::: Data shown :::
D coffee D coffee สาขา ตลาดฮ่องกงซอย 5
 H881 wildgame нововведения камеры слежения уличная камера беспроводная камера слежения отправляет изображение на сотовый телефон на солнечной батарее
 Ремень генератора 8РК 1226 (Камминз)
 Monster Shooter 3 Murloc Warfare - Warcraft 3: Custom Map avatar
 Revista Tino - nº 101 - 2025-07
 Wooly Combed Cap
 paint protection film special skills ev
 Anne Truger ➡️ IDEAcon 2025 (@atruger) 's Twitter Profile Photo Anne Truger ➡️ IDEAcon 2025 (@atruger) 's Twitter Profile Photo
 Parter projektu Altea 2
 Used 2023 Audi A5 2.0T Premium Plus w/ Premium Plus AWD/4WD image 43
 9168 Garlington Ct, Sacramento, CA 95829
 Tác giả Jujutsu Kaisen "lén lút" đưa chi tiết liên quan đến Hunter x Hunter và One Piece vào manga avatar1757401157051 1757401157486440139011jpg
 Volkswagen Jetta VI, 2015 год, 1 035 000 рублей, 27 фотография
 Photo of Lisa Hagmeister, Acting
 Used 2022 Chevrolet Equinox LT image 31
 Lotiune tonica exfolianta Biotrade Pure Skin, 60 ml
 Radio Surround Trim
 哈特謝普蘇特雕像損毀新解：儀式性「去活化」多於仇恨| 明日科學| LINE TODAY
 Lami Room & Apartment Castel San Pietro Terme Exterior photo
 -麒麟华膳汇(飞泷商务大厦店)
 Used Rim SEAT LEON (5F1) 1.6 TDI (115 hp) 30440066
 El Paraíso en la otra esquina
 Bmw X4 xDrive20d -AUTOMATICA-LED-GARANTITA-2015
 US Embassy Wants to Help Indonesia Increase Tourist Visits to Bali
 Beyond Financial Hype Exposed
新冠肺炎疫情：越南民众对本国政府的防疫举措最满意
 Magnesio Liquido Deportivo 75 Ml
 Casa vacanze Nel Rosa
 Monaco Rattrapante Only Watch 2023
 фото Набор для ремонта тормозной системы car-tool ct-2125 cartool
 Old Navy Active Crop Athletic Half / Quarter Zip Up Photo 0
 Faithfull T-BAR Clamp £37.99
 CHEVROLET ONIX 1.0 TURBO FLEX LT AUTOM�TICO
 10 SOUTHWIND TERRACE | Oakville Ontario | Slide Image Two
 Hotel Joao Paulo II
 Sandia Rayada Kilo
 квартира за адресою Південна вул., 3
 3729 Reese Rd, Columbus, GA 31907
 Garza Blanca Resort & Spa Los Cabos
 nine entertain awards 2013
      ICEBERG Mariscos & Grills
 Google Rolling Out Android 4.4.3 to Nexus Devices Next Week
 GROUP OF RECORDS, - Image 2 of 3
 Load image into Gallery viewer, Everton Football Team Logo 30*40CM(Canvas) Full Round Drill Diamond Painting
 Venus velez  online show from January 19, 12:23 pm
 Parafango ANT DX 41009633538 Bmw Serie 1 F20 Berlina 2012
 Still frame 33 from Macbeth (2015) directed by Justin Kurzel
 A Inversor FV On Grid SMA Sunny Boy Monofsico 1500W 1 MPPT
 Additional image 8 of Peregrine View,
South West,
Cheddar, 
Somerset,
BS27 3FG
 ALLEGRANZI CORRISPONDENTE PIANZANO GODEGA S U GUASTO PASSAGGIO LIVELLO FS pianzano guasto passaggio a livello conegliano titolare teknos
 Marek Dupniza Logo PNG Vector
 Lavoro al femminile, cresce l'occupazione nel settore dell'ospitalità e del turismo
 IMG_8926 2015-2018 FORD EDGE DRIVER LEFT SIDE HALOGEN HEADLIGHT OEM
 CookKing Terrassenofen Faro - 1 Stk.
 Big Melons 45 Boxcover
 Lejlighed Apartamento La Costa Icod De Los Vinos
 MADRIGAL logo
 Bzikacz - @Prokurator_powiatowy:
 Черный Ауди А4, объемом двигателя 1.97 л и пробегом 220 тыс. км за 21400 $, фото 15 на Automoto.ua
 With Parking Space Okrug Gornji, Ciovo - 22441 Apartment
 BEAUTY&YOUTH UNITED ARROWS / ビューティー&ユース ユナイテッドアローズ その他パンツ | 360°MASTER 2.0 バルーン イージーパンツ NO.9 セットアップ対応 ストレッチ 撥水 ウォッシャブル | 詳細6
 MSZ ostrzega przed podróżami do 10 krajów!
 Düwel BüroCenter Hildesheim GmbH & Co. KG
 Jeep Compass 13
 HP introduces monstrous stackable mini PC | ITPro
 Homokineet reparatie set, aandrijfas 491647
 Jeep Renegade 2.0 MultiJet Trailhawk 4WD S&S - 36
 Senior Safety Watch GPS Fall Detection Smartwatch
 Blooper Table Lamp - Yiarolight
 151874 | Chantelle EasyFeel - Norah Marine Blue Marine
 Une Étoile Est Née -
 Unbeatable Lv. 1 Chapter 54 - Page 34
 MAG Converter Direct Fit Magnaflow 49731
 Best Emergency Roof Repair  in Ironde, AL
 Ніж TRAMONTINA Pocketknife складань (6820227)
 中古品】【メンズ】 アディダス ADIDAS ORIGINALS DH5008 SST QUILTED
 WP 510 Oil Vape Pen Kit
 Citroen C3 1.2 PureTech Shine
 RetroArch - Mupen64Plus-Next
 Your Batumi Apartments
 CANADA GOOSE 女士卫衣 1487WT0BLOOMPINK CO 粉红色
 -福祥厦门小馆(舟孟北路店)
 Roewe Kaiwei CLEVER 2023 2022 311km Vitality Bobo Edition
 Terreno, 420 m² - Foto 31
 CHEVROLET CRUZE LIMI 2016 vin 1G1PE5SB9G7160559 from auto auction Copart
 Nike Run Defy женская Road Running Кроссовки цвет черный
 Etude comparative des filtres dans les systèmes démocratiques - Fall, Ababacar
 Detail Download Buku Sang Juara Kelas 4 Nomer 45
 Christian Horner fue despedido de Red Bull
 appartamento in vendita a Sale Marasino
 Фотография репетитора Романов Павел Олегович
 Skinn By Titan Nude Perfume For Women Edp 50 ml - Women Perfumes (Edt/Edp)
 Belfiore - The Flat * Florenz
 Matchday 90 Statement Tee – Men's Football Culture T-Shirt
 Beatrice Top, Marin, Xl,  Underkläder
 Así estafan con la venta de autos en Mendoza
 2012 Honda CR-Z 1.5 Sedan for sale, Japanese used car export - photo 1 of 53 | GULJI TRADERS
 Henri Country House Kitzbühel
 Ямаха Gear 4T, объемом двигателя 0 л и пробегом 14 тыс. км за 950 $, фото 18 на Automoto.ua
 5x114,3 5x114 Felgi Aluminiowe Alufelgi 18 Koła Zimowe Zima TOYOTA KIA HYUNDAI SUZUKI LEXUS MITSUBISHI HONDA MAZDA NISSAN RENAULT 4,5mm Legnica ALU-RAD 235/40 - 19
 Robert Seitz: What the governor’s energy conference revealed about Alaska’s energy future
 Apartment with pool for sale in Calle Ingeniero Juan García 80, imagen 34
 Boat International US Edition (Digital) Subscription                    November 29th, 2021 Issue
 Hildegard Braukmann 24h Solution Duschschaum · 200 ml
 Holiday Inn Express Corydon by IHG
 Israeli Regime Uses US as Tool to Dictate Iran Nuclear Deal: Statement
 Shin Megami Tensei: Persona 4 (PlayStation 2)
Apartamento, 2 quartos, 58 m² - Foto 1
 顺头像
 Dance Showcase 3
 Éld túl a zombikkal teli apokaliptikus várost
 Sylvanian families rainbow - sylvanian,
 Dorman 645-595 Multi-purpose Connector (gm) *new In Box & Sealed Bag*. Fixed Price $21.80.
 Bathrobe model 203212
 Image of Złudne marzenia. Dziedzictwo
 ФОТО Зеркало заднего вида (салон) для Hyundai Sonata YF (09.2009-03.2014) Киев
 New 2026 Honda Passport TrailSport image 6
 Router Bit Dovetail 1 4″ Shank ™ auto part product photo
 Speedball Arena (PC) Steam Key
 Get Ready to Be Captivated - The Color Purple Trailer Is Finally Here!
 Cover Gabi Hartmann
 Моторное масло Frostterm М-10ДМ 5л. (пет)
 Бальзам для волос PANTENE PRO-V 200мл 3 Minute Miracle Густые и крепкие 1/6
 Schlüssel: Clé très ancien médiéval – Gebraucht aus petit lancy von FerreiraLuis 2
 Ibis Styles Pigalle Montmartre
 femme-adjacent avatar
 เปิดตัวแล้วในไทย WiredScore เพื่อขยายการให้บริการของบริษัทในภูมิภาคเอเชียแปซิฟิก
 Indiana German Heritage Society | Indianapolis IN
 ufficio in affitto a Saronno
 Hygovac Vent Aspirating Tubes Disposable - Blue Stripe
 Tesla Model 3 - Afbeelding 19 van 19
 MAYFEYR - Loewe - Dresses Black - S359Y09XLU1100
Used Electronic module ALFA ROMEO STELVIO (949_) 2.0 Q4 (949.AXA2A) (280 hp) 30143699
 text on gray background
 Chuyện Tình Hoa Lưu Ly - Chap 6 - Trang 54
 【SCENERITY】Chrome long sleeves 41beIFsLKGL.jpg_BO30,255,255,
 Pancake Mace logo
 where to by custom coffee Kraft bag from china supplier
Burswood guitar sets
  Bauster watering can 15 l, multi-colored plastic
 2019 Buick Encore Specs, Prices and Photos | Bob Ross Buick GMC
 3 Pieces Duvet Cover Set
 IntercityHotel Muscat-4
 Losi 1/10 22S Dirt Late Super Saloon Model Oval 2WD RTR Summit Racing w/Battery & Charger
:::
# [Work instructions]
Take the listing above and repeat exactly the lines from the one containing "paint protection film special skills ev" through the one containing "9168 Garlington Ct, Sacramento, CA 95829", both included.

# [Answer box]
 paint protection film special skills ev
 Anne Truger ➡️ IDEAcon 2025 (@atruger) 's Twitter Profile Photo Anne Truger ➡️ IDEAcon 2025 (@atruger) 's Twitter Profile Photo
 Parter projektu Altea 2
 Used 2023 Audi A5 2.0T Premium Plus w/ Premium Plus AWD/4WD image 43
 9168 Garlington Ct, Sacramento, CA 95829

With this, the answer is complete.